Problem: Write out exactly, with both ends included, the lines that run from the line containing "Pantanal Jungle Lodge" to the end of the entries. Pictures are not part of the answer.

Source data:
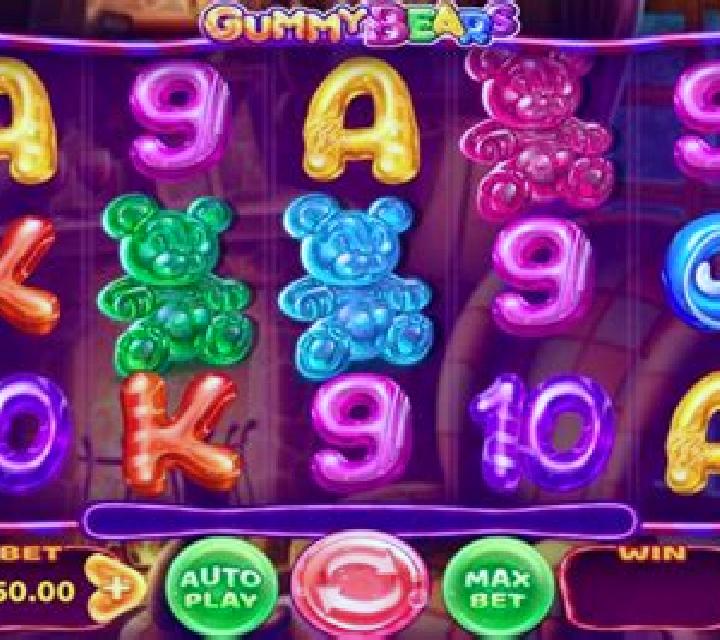 Gummy Bears slot machine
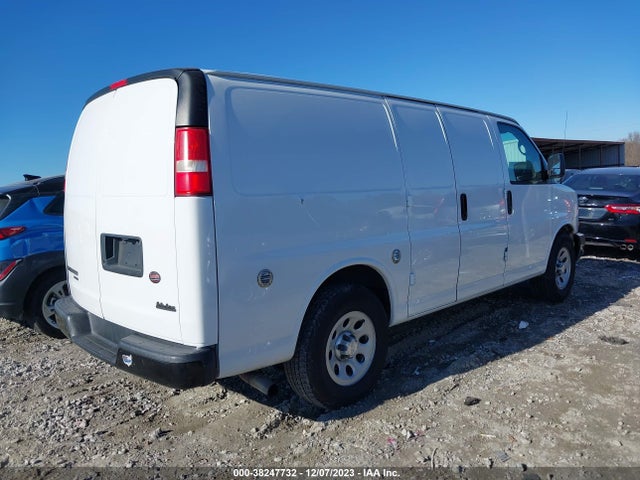 2014 CHEVROLET EXPRESS 1500 WORK VAN VIN: 1GCSGAFX2E1196989
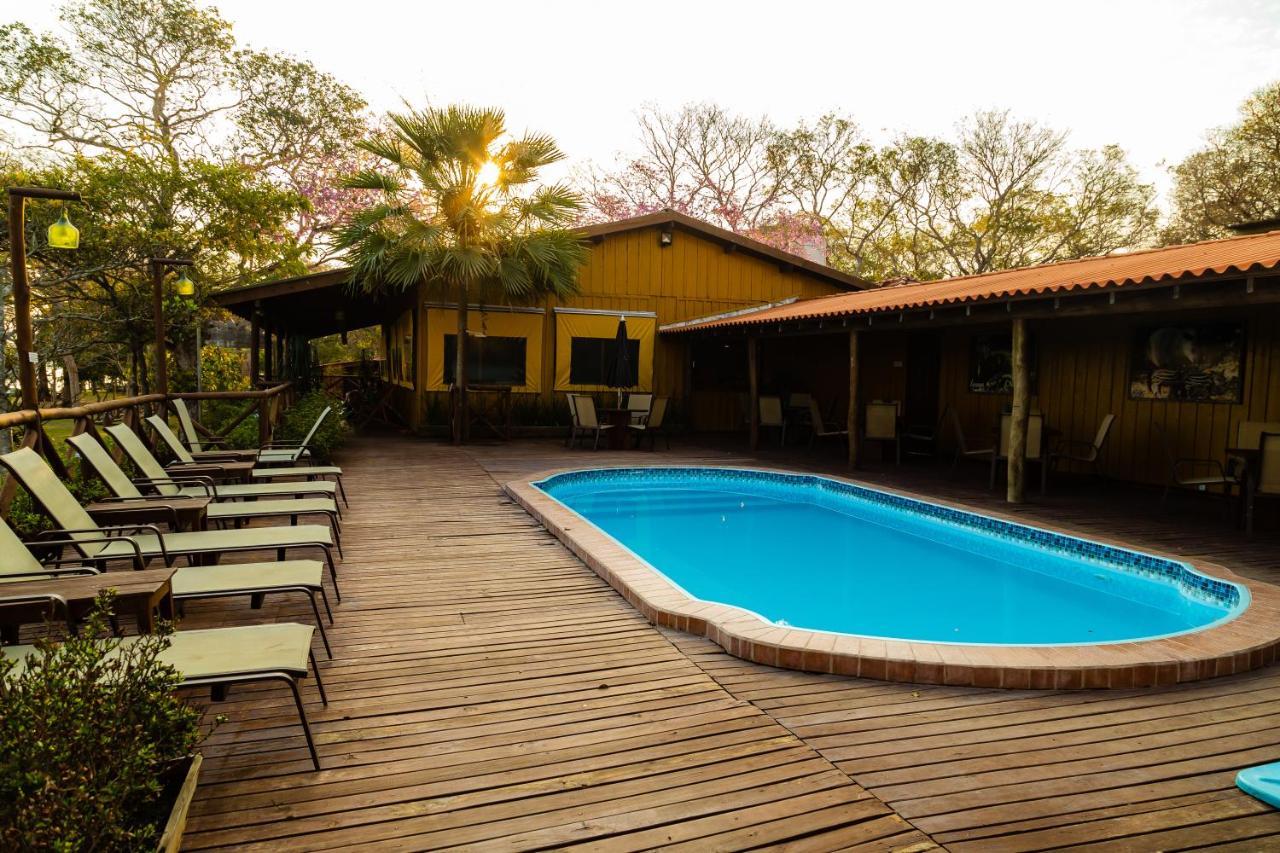 Pantanal Jungle Lodge Passo do Lontra Zewnętrze zdjęcie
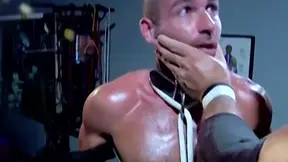 Rojer covers his buddy Bryce with cum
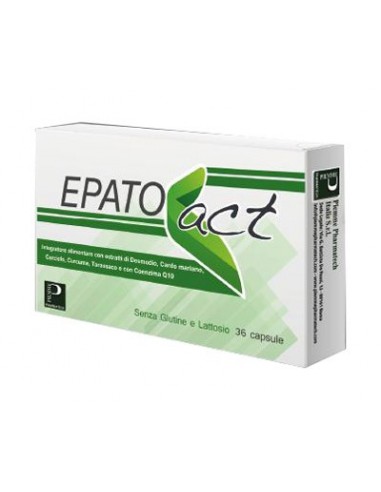 Epatoact 36 Capsule 500 Mg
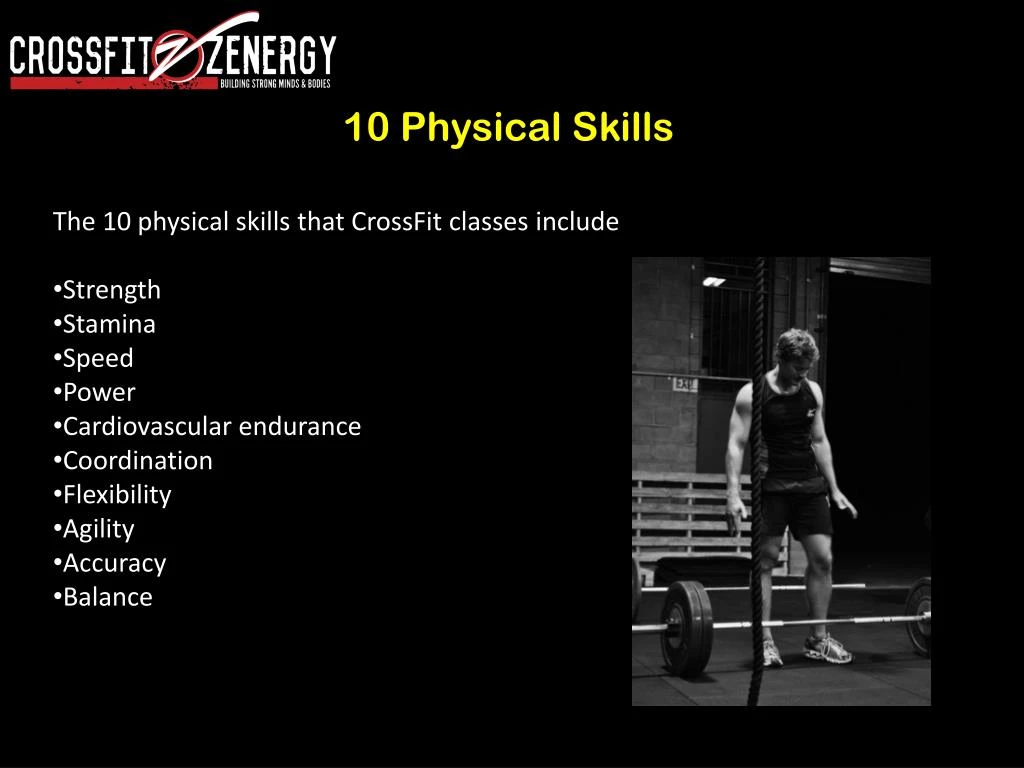 PPT - Get High Quality Training At CrossFit Classes In Brisbane At ...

Expected answer:
 Pantanal Jungle Lodge Passo do Lontra Zewnętrze zdjęcie
 Rojer covers his buddy Bryce with cum
 Epatoact 36 Capsule 500 Mg
 PPT - Get High Quality Training At CrossFit Classes In Brisbane At ...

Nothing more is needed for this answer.